Purified Mouse CYP27B1 Can Hydroxylate 20,23-Dihydroxyvitamin D3, Producing 1α,20,23-Trihydroxyvitamin D3, Which Has Altered Biological Activity

20,23-Dihydroxyvitamin D-3 [20,23(OH)(2)D-3] is a biologically active metabolite produced by the action of cytochrome P450scc (CYP11A1) on vitamin D-3. It inhibits keratinocyte proliferation, stimulates differentiation, and inhibits nuclear factor-kappa B activity, working as a vitamin D receptor agonist. We have tested the ability of purified mouse 25-hydroxyvitamin D-3 1 alpha-hydroxylase (CYP27B1) to add a 1 alpha-hydroxyl group to this vitamin D analog and determined whether this altered its biological activity. 20,23(OH)(2)D-3 incorporated into phospholipid vesicles was converted to a single product by CYP27B1, confirmed to be 1 alpha,20,23-trihydroxyvitamin D-3 [1,20,23(OH)(3)D-3] by mass spectrometry and NMR. The 20,23(OH)(2)D-3 was a relatively poor substrate for CYP27B1 compared with the normal substrate, 25-hydroxyvitamin D-3, displaying a 5-fold higher K-m and 8-fold lower k(cat) value. Both 20,23(OH)(2)D-3 and 1,20,23(OH)(3)D-3 decreased neonatal human epidermal keratinocyte proliferation, showing significant effects at a lower concentration (0.1 nM) than that seen for 1 alpha,25-dihydroxyvitamin D-3 [1,25(OH)(2)D-3] at 24 h of treatment. Both compounds also decreased cell biomass relative to that of control cells, measured by staining with sulforhodamine B. They caused little stimulation of the expression of the vitamin D receptor at the mRNA level compared with the 30-fold induction observed with the same concentration (100 nM) of 1,25(OH)(2)D-3 at 24 h.

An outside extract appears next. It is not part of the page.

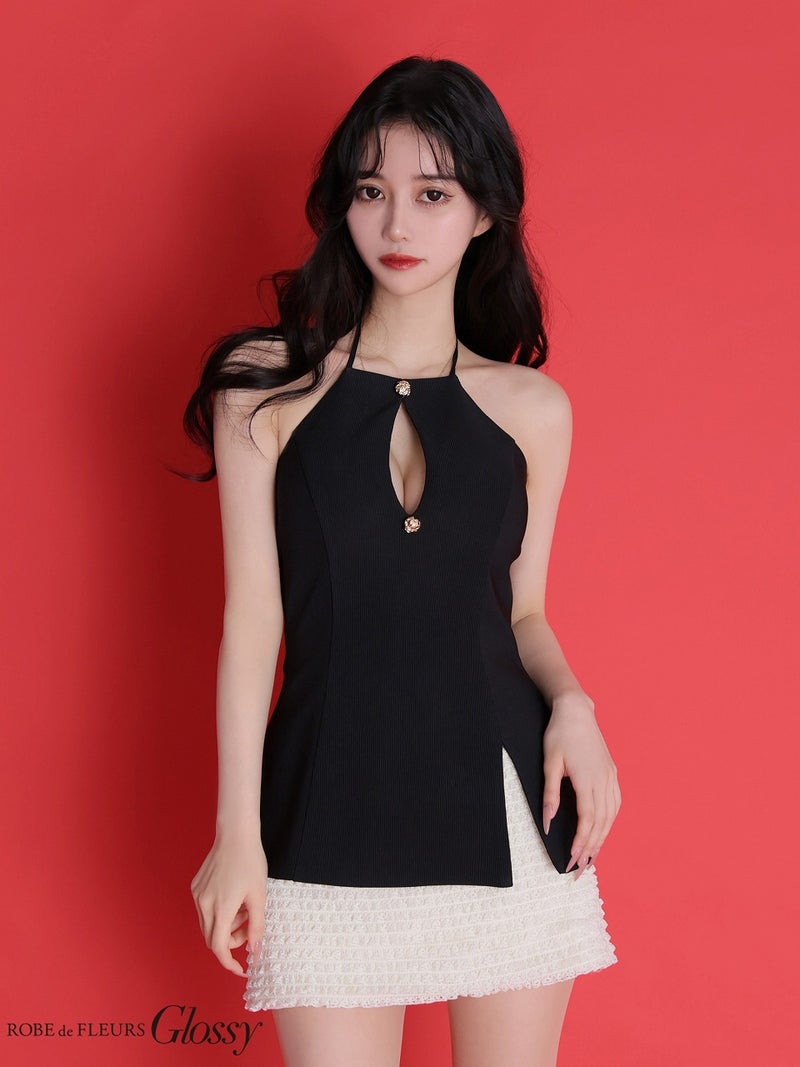 Glossy ローブドフルールグロッシー 【XSサイズあり】 リブホルターネックレーススカートセットアップミニキャバドレス gl4175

Addition of a 1 alpha-hydroxyl group to 20,23(OH)(2)D-3 greatly enhanced its ability to stimulate the expression of the CYP24 gene but not to the extent seen with 1,25(OH) 2D3. This study shows that purified CYP27B1 can add a 1 alpha-hydroxyl group to 20,23(OH)(2)D-3 with the product showing altered biological activity, especially for the stimulation of CYP24 gene expression.